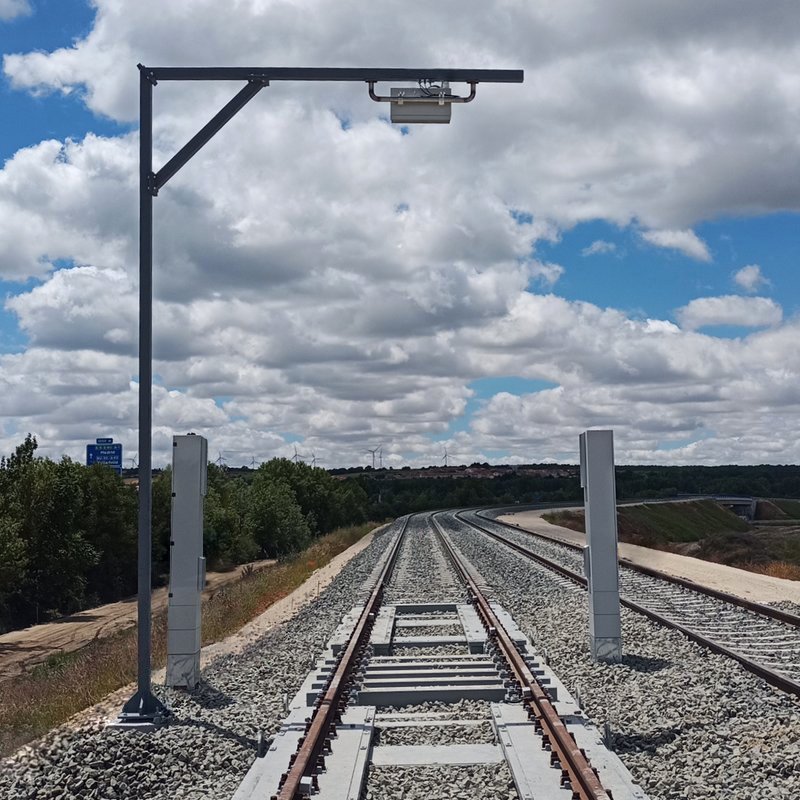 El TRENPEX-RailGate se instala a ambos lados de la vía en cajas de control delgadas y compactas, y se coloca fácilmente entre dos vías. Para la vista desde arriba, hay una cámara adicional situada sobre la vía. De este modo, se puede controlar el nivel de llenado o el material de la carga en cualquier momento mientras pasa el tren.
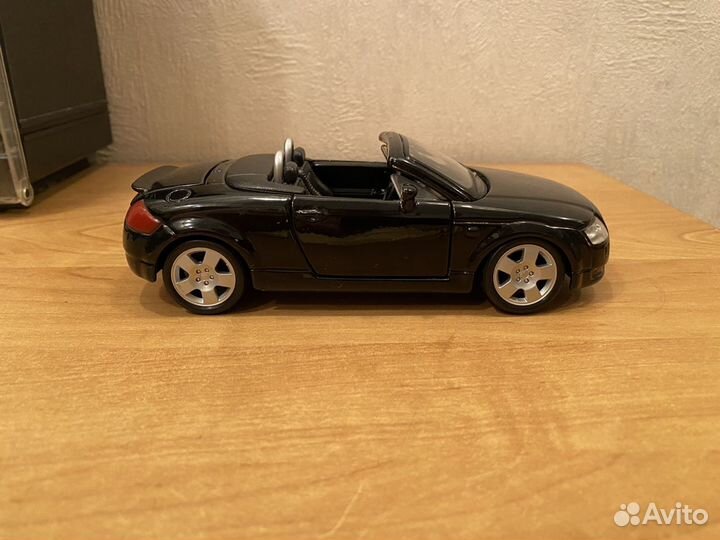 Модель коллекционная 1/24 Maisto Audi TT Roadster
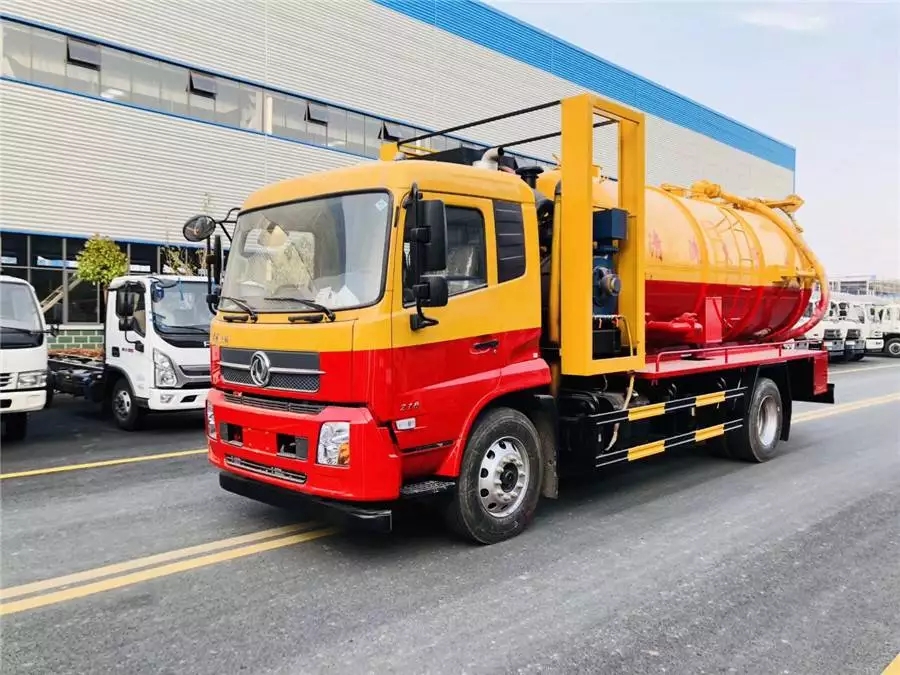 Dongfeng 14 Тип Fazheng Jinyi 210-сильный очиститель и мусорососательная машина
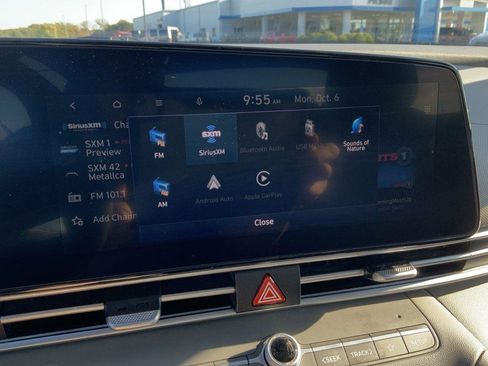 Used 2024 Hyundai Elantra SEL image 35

...

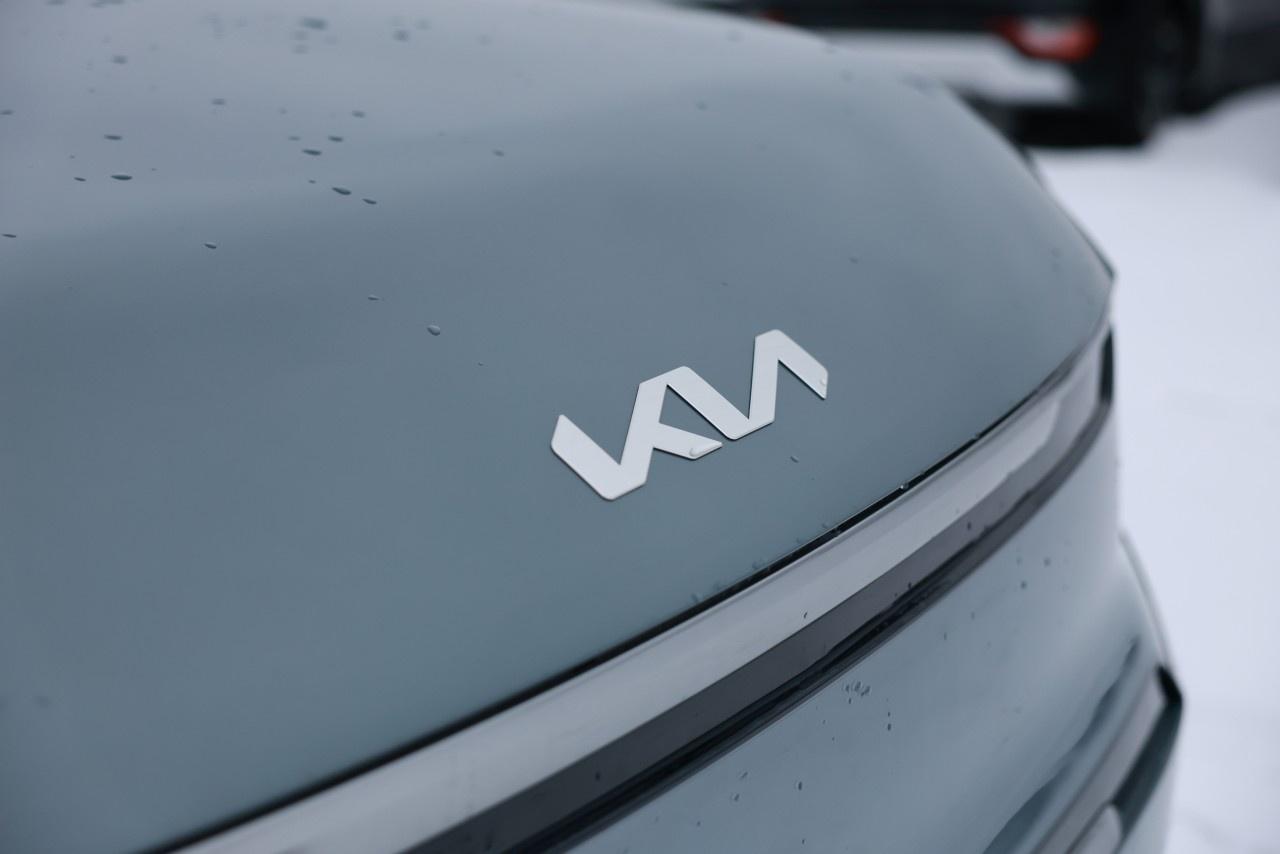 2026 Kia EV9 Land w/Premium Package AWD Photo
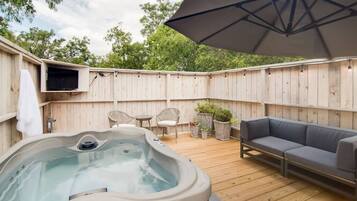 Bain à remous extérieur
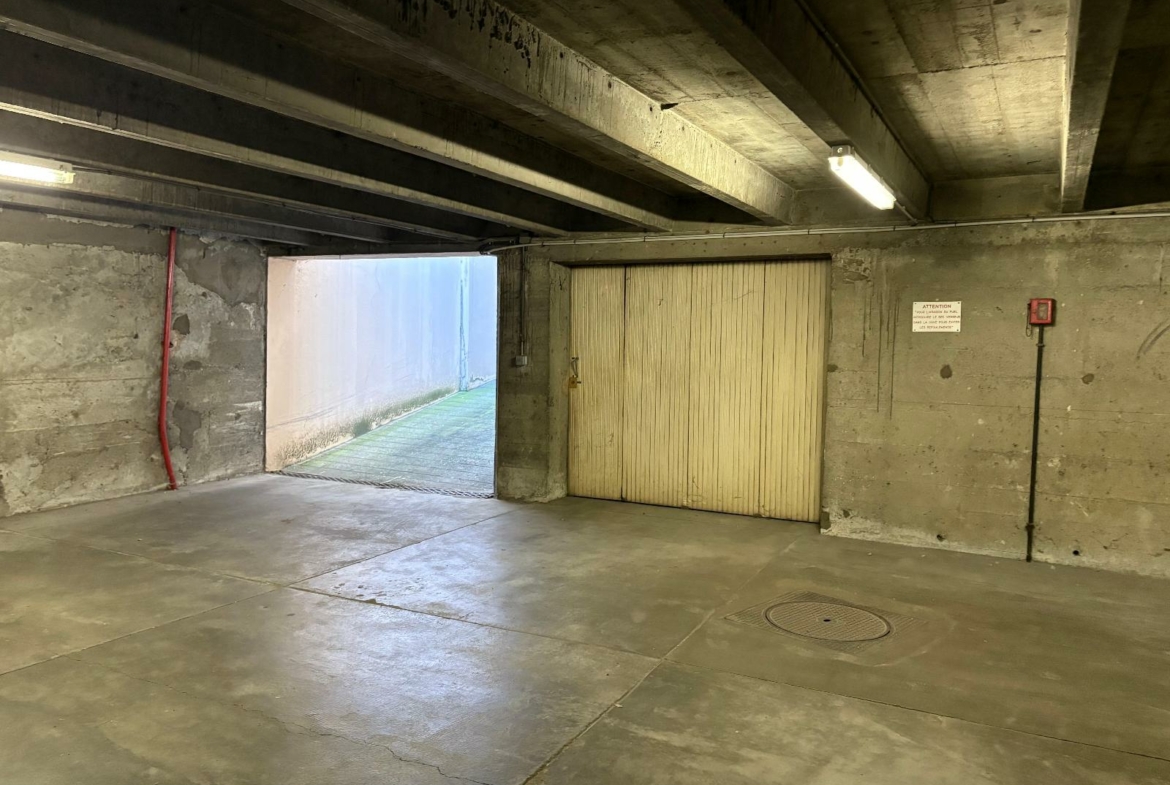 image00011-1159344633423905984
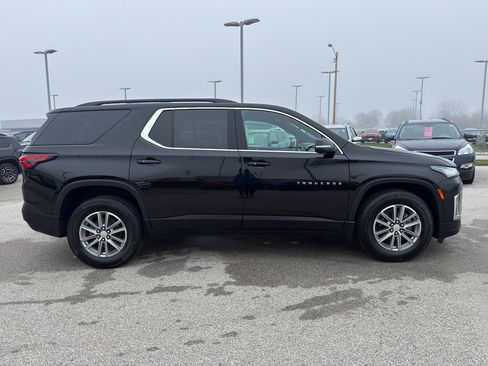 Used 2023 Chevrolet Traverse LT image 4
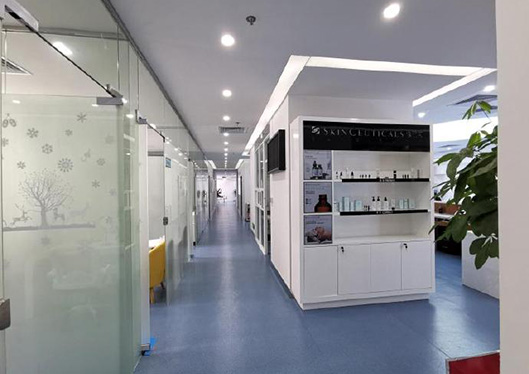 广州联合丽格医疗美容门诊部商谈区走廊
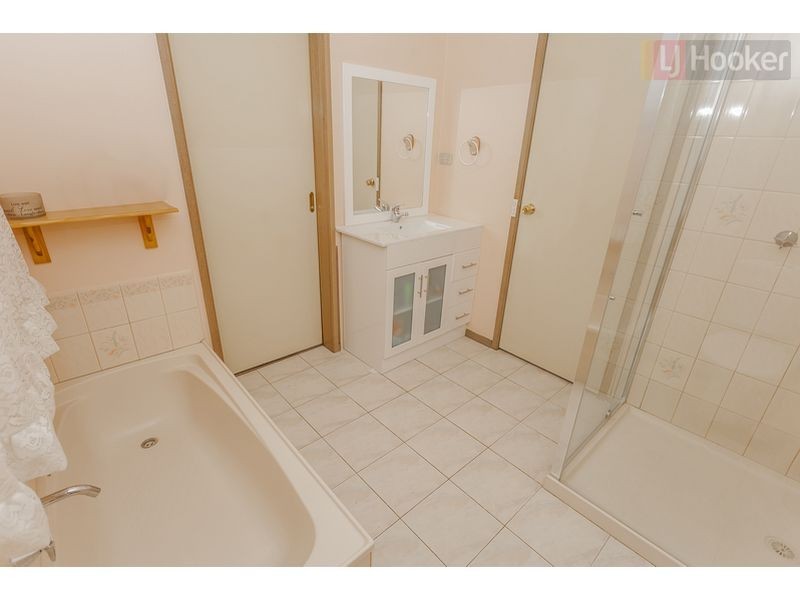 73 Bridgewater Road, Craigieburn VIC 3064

* * *

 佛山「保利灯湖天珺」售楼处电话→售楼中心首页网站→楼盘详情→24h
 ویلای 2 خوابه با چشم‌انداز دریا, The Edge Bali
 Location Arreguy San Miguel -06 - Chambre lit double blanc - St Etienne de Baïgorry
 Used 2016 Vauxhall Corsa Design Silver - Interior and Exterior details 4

#### TASK DESCRIPTION:
Only the lines above starting at the line that holds "Location Arreguy San" and ending at the line that holds "Used 2016 Vauxhall" are to be repeated, exactly and in full.

#### OUTPUT BELOW:
 Location Arreguy San Miguel -06 - Chambre lit double blanc - St Etienne de Baïgorry
 Used 2016 Vauxhall Corsa Design Silver - Interior and Exterior details 4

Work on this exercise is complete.